From the material below, copy exactly the lines beginning with the one that contains "X0000099531121200806131121" and ending with the one that contains "Little Fluffy with"; the pictures stay out.

Data to examine:

──────────────────────────────

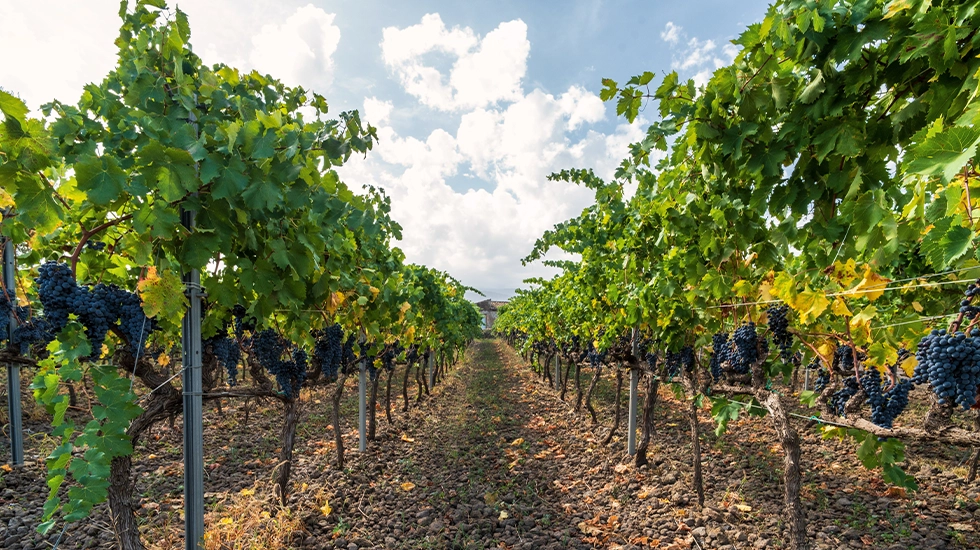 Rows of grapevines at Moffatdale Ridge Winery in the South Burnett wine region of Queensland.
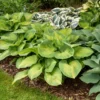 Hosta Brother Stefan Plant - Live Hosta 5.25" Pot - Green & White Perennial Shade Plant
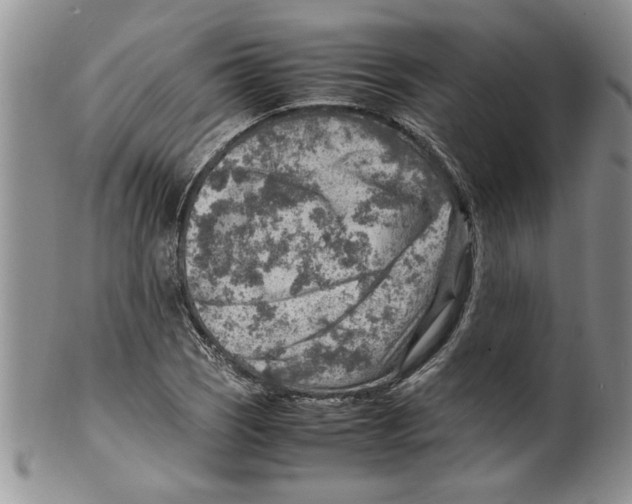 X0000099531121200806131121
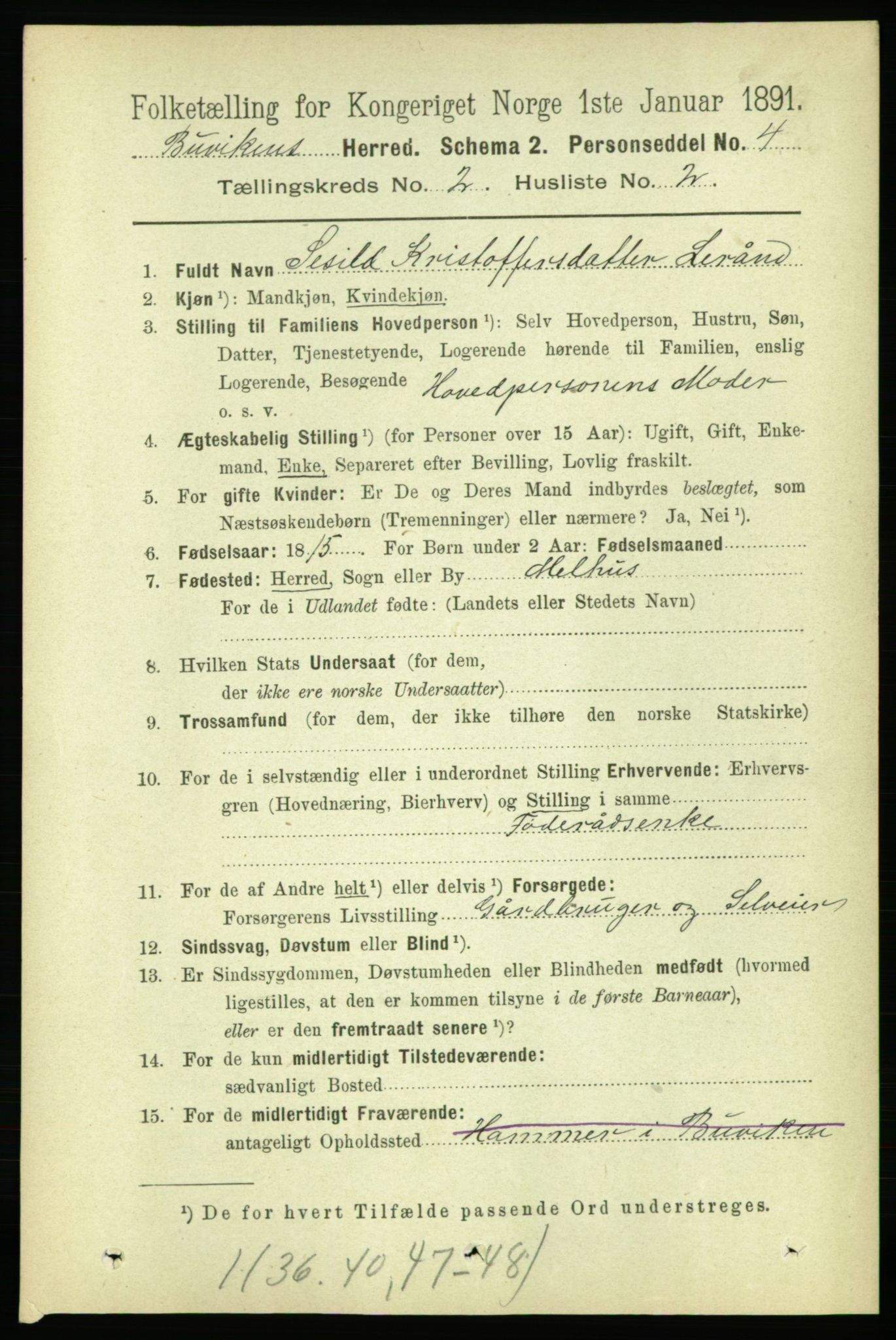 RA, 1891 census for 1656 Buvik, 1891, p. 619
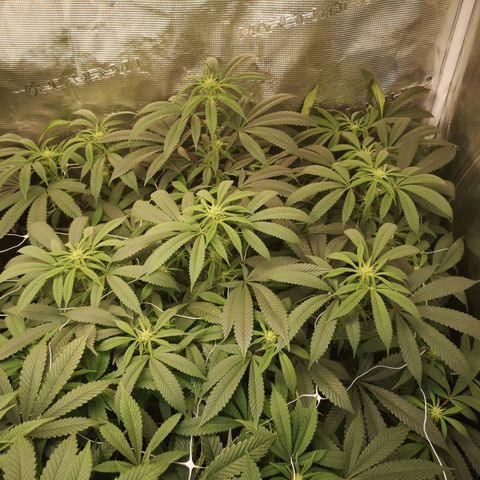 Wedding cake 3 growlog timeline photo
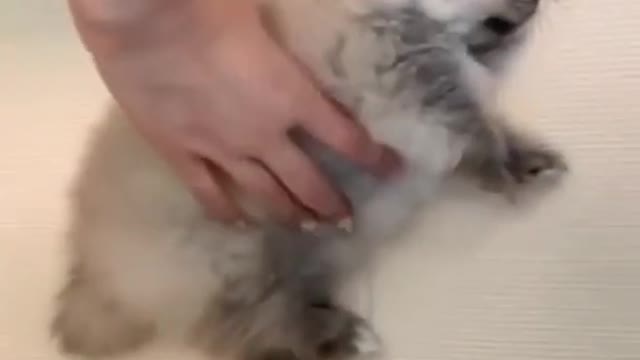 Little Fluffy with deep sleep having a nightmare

──────────────────────────────

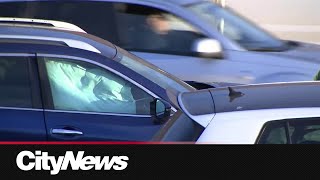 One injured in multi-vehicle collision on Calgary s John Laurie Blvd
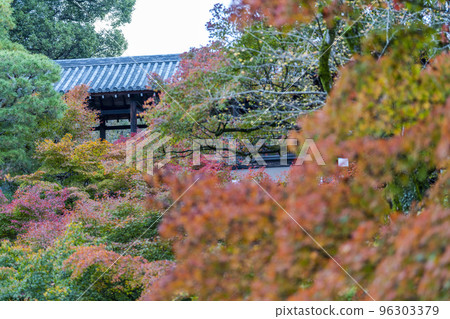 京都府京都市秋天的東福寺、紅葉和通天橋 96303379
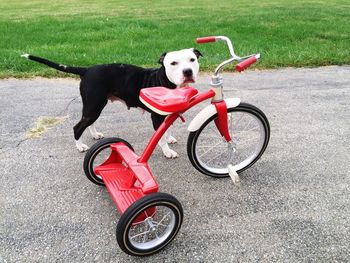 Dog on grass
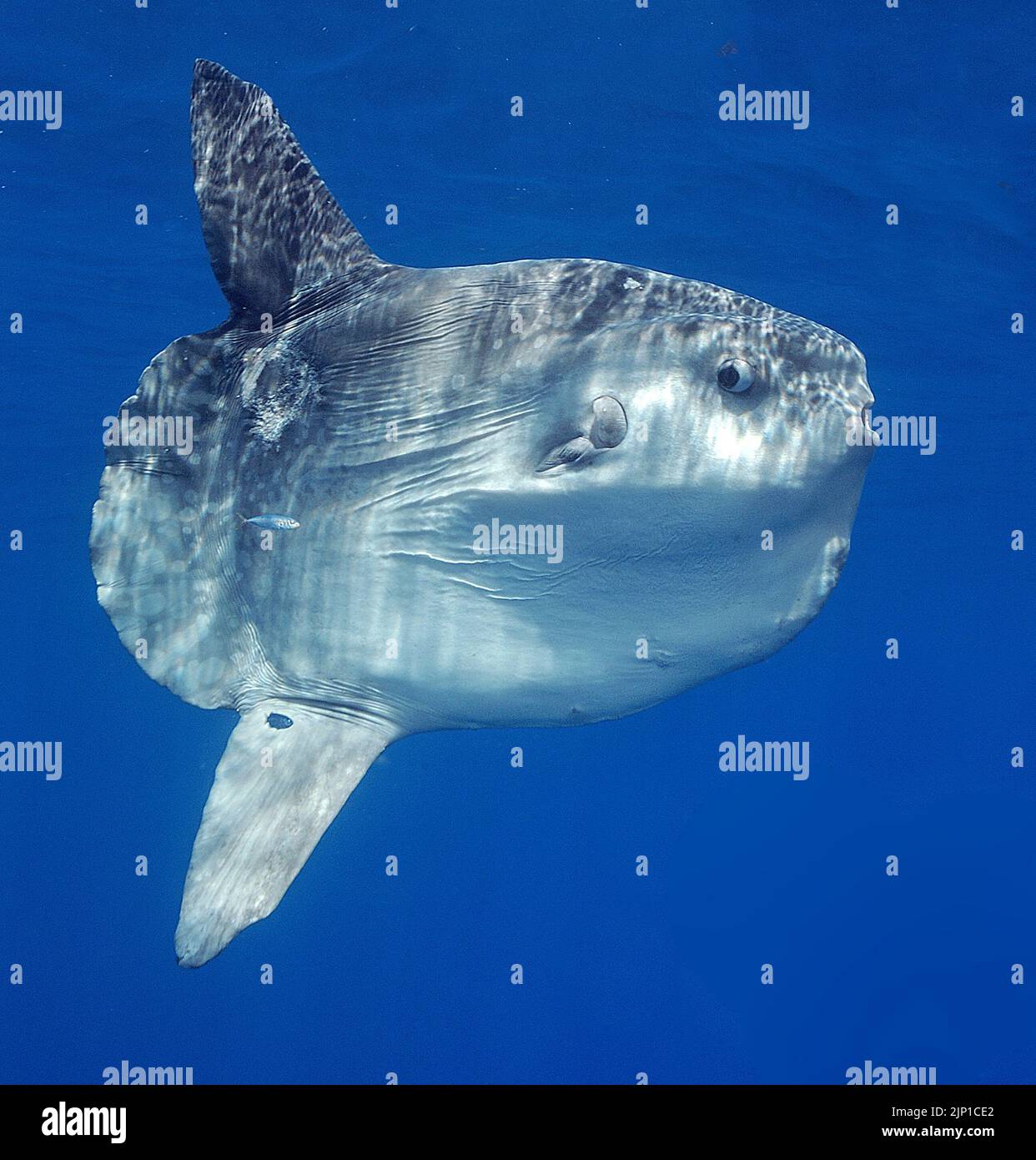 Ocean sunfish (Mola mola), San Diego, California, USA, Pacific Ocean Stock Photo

──────────────────────────────

Output below:
 X0000099531121200806131121
 RA, 1891 census for 1656 Buvik, 1891, p. 619
 Wedding cake 3 growlog timeline photo
 Little Fluffy with deep sleep having a nightmare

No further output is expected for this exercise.